SEC charges former Alfi CEO with fraud

On Tuesday, the Securities and Exchange Commission announced it had charge Paul A. Pereira, former CEO and co-founder of Alfi, Inc., with fraud stemming from false claims on social media.

© Shutterstock

According to the SEC, Pereira made the misleading statements on social media about the company’s financial and performance metrics in an effort to boost the company’s stock price. The agency said while Pereira was serving as the CEO of Alfi, a Florida-based advertising technology company, he posted that he “wouldn’t doubt” the company had “$10 mm to $20 mm in revenues already in their back pocket,” when, in reality, the company was set to report only $17,450 in revenues.

Not long after, the agency said, Pereira announced in a YouTube interview that Alfi was entering into a contract with the founder of a successful restaurant chain to deploy Alfi technology in his restaurants. In reality, the restaurant chain’s founder had never discussed such a contract with Pereira or any other Alfi personnel.

Later, when Alfi’s stock price was at its lowest level in nearly two months, on August 17, 2021, Pereira made more false and misleading statements on social media and in company-issued press releases about the company’s advertising inventory, include that “available advertising inventory by the end of 2021 is expected to be in excess of $100 million.” At the time, the company had less than $5 million in advertising inventory, and Pereira did not have a reasonable basis to believe his company would achieve $100 million in inventory by the end of 2021. The company filed for bankruptcy in October 2022.

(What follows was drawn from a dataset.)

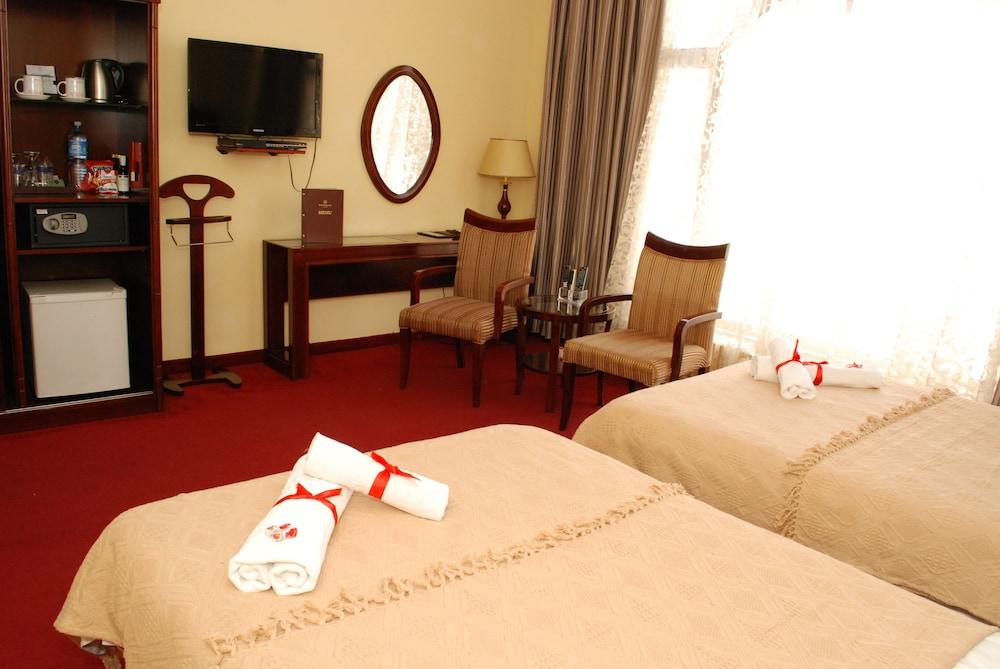 Garni Hotel Planeta Inn Novi Sad Extérieur photo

“As alleged in our complaint, Pereira tried to boost the company’s stock price through his false and misleading statements,” Eric I. Bustillo, Director of the SEC’s Miami Regional Office, said. “This case further demonstrates the SEC’s commitment to holding officers of public companies accountable when they violate their legal obligation of candor and fair and full disclosure to investors.”

The complaint, filed in the U.S. District Court for the Southern District of Florida, charges Pereira with violating antifraud provisions of federal securities law and seeks a permanent injunction, as well as a civil penalty and a provision barring Pereira from serving as an officer or director of another company.